======== Input records
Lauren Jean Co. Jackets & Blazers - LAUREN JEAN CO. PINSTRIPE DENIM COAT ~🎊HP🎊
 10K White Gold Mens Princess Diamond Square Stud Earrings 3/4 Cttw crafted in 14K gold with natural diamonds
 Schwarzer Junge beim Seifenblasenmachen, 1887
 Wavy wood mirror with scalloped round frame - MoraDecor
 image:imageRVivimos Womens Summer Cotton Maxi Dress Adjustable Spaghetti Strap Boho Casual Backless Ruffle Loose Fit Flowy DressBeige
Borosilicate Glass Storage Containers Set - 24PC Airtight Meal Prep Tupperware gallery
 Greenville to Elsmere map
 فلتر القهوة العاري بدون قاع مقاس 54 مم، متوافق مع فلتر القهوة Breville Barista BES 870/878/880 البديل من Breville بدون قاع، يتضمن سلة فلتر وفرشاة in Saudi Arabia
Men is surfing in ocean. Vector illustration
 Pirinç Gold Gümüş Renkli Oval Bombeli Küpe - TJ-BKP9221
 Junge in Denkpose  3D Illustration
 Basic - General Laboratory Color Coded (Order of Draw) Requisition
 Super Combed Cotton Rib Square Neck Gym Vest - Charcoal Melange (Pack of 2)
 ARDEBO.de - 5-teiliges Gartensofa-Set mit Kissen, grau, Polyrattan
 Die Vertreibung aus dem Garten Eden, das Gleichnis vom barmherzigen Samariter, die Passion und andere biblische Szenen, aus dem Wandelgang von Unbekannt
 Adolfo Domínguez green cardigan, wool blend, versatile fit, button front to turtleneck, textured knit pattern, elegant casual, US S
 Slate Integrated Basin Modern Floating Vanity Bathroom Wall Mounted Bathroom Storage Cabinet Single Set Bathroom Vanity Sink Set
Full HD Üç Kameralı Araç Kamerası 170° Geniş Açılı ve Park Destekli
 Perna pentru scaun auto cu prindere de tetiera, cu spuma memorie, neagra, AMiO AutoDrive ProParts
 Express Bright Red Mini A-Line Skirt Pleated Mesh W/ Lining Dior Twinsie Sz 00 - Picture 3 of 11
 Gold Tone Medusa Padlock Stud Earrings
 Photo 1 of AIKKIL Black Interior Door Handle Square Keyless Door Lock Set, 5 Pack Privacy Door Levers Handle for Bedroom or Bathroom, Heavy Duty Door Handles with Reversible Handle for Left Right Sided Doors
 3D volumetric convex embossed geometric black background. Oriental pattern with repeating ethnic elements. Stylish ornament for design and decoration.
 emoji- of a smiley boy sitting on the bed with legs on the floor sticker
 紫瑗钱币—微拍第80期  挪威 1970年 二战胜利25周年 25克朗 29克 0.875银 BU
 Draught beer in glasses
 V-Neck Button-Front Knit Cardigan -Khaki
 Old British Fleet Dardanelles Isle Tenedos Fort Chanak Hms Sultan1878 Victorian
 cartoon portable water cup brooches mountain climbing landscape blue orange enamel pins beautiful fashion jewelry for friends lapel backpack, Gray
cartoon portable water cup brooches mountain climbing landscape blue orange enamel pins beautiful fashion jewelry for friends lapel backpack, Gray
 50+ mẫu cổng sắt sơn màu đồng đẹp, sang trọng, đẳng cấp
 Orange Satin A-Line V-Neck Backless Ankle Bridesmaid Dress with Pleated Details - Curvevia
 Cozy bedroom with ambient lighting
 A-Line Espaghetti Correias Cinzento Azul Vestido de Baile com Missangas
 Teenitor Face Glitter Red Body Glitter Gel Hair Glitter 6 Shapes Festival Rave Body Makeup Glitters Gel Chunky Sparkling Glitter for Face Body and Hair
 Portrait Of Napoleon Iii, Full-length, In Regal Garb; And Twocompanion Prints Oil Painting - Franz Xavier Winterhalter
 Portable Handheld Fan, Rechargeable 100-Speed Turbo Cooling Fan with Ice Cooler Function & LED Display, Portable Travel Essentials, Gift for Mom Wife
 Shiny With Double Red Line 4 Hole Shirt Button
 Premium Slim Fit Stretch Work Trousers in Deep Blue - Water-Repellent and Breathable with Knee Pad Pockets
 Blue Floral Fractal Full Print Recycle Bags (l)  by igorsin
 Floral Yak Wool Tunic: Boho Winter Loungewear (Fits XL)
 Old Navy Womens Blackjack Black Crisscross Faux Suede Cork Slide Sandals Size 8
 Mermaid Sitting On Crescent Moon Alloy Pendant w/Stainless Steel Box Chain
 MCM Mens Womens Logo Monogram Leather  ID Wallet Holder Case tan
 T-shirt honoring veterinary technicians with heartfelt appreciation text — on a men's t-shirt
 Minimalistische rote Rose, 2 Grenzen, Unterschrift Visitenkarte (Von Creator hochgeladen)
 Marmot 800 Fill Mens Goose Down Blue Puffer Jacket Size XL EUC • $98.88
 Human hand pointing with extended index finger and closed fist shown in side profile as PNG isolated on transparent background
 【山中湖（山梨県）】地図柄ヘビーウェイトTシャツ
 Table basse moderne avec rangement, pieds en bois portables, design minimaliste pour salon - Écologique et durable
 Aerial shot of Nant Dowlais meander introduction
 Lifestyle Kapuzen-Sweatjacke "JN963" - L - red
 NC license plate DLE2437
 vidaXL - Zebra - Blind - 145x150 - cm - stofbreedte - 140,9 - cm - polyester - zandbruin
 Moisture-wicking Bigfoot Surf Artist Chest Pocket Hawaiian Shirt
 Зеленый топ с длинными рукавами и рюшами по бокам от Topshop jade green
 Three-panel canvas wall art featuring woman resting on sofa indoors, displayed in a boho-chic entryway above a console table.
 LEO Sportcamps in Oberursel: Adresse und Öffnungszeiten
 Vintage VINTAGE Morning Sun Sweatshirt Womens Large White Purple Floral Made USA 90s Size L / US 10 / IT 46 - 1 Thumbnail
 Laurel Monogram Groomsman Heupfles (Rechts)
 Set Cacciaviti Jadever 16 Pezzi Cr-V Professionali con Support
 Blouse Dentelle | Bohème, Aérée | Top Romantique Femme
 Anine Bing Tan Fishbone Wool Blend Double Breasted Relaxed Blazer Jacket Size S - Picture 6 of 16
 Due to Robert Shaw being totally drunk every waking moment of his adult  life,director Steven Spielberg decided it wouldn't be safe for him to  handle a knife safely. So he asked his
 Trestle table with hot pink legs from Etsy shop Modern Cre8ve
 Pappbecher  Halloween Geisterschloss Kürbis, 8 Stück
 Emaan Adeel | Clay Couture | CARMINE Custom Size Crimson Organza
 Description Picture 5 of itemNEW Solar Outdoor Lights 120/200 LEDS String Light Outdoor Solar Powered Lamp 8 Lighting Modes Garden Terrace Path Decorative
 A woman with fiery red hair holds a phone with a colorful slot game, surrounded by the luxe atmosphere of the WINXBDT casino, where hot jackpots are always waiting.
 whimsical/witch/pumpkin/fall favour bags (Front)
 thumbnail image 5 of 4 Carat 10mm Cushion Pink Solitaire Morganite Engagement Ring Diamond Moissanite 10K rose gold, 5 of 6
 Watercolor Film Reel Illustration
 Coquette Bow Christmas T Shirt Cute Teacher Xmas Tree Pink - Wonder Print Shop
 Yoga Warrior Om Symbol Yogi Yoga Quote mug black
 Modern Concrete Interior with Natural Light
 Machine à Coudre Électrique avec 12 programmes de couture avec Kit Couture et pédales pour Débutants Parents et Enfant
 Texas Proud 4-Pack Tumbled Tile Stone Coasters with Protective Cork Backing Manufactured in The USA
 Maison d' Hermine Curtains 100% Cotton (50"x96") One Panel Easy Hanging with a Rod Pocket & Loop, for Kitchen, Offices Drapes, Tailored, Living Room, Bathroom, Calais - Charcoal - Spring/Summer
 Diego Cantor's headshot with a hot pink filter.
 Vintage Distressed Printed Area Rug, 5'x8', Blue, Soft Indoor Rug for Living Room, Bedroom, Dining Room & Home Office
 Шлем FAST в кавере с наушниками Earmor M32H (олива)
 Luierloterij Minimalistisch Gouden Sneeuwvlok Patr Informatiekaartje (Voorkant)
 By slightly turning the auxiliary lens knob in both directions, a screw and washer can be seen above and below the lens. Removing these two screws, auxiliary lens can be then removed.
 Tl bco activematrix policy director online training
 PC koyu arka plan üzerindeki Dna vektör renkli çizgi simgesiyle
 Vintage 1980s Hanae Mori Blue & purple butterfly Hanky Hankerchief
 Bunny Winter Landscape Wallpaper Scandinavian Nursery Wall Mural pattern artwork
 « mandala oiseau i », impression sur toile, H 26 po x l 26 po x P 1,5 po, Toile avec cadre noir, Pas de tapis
================
> Task instructions
Set down exactly what runs from the line containing "Vintage 1980s Hanae" through the last line above, both lines included.

> Response to this task
 Vintage 1980s Hanae Mori Blue & purple butterfly Hanky Hankerchief
 Bunny Winter Landscape Wallpaper Scandinavian Nursery Wall Mural pattern artwork
 « mandala oiseau i », impression sur toile, H 26 po x l 26 po x P 1,5 po, Toile avec cadre noir, Pas de tapis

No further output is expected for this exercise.